··· Supplied material
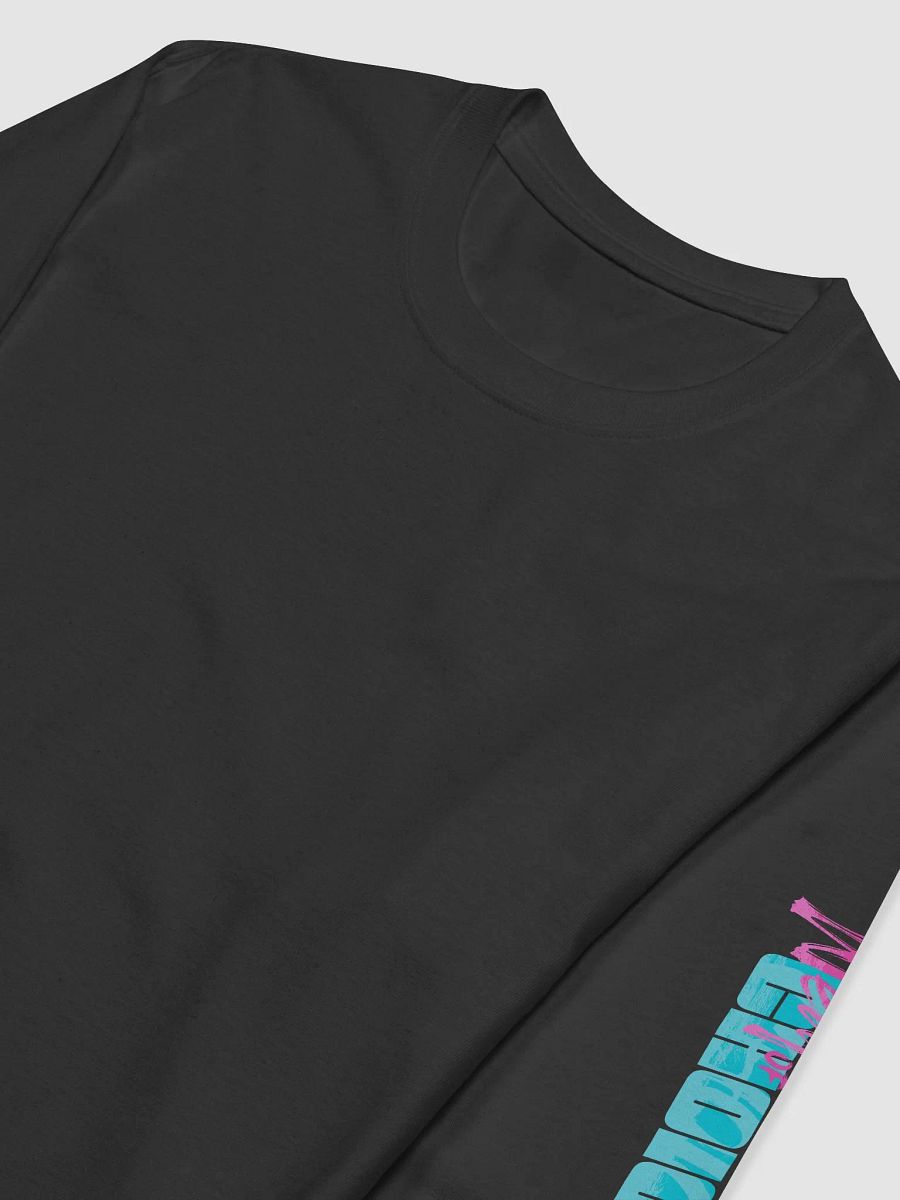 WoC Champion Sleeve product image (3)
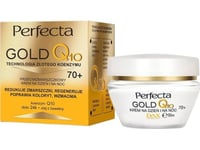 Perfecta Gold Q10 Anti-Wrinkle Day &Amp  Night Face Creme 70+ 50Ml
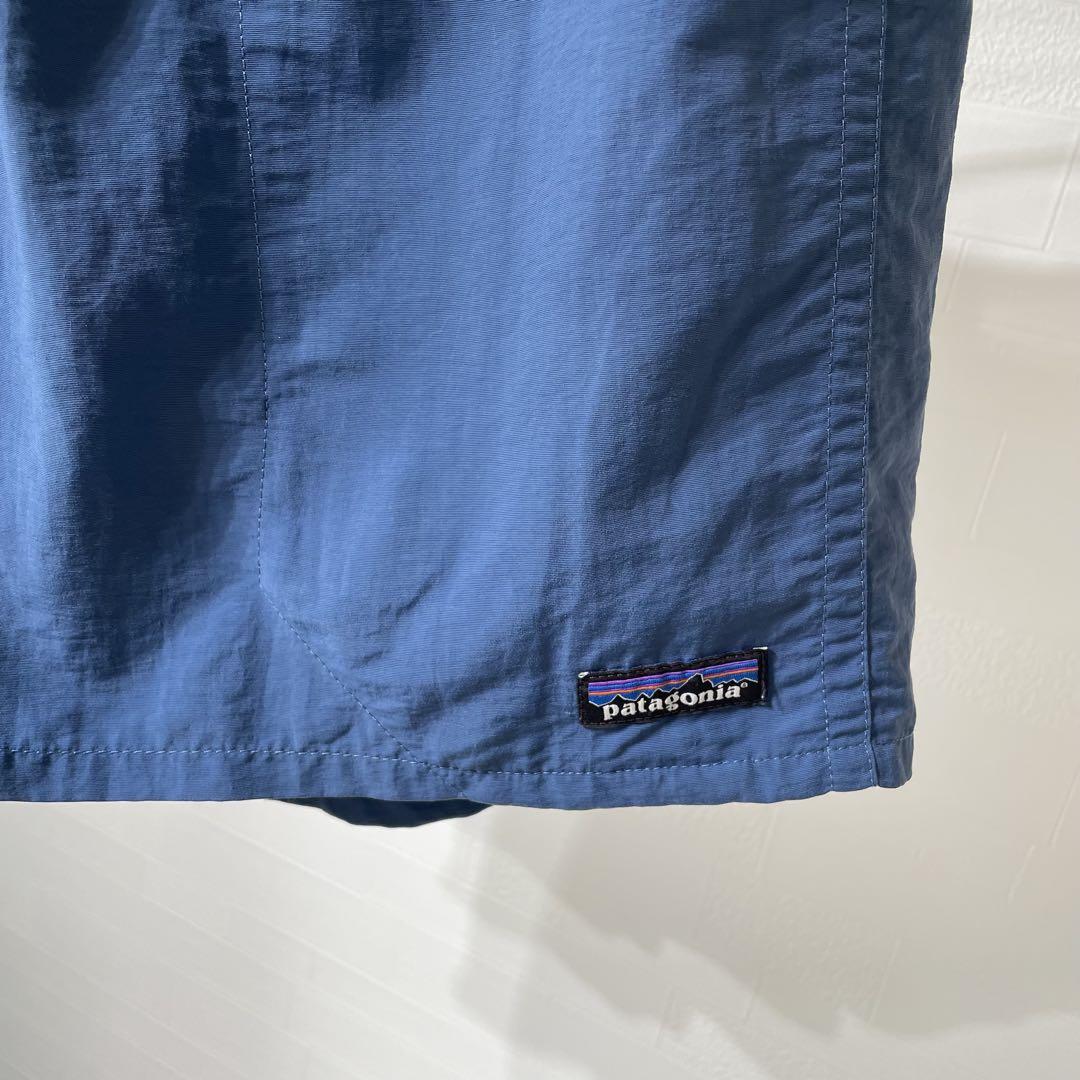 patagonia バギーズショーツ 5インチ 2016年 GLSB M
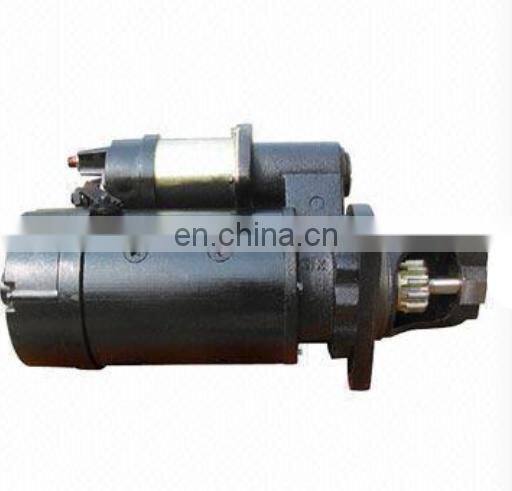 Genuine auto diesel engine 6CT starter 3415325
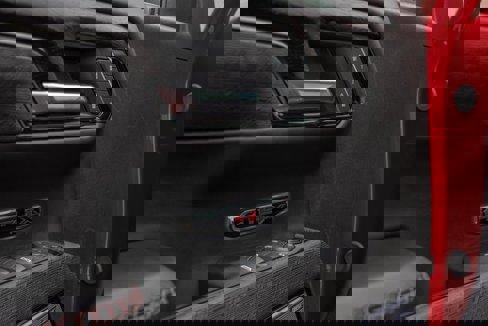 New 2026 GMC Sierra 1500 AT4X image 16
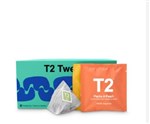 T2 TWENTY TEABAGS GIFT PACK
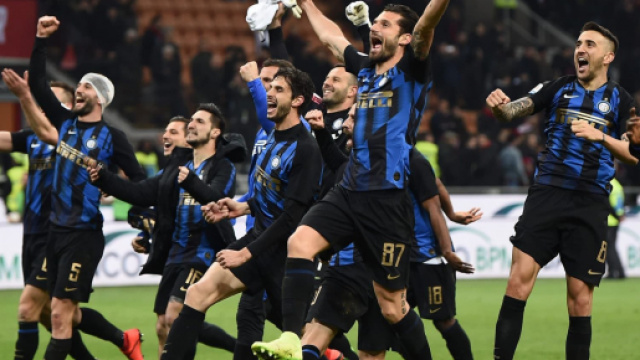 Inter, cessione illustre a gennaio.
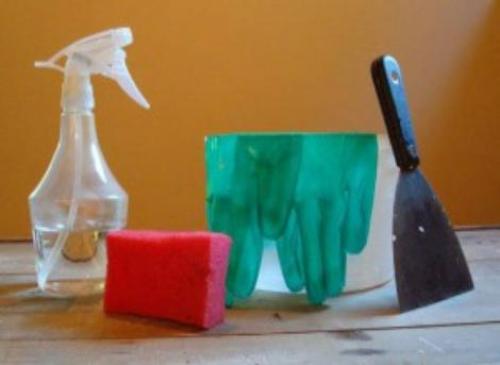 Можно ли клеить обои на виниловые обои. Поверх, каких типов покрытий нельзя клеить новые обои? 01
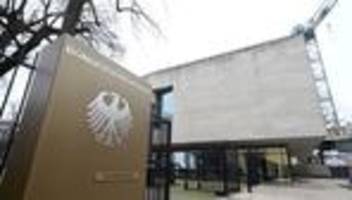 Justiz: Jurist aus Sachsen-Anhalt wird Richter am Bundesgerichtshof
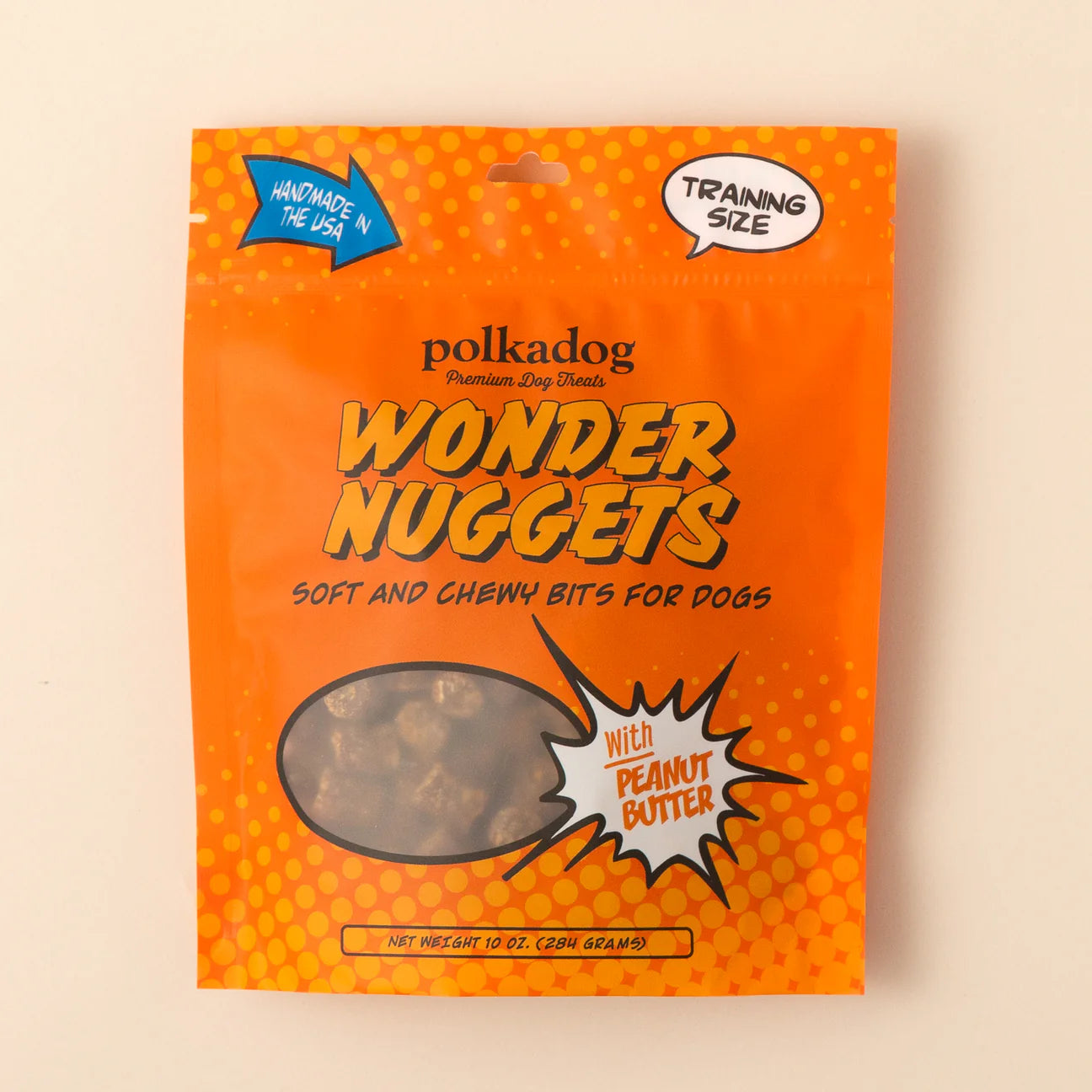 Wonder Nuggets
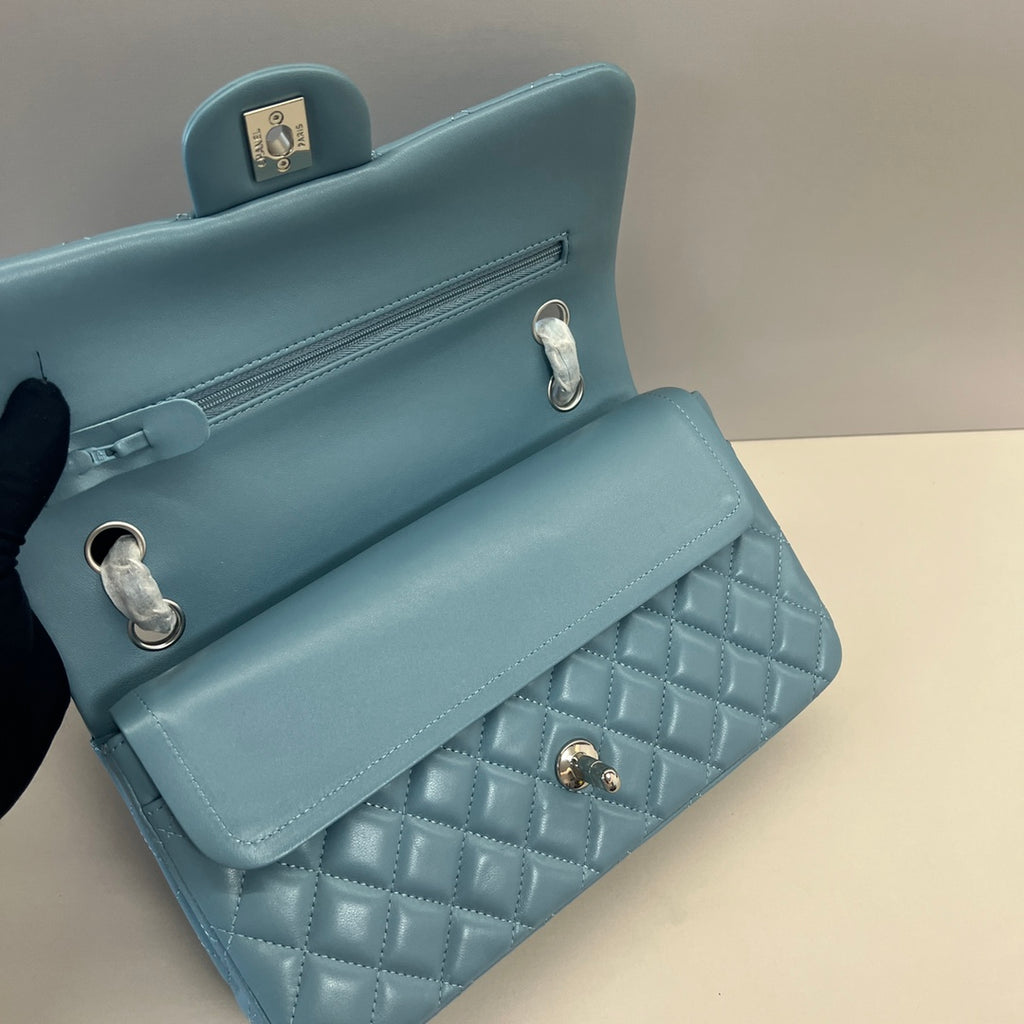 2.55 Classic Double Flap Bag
······
In your copy, please omit the pictures and print every line of the records exactly.

__Answer box__
 WoC Champion Sleeve product image (3)
 Perfecta Gold Q10 Anti-Wrinkle Day &Amp  Night Face Creme 70+ 50Ml
 patagonia バギーズショーツ 5インチ 2016年 GLSB M
 Genuine auto diesel engine 6CT starter 3415325
 New 2026 GMC Sierra 1500 AT4X image 16
 T2 TWENTY TEABAGS GIFT PACK
 Inter, cessione illustre a gennaio.
 Можно ли клеить обои на виниловые обои. Поверх, каких типов покрытий нельзя клеить новые обои? 01
 Justiz: Jurist aus Sachsen-Anhalt wird Richter am Bundesgerichtshof
 Wonder Nuggets
 2.55 Classic Double Flap Bag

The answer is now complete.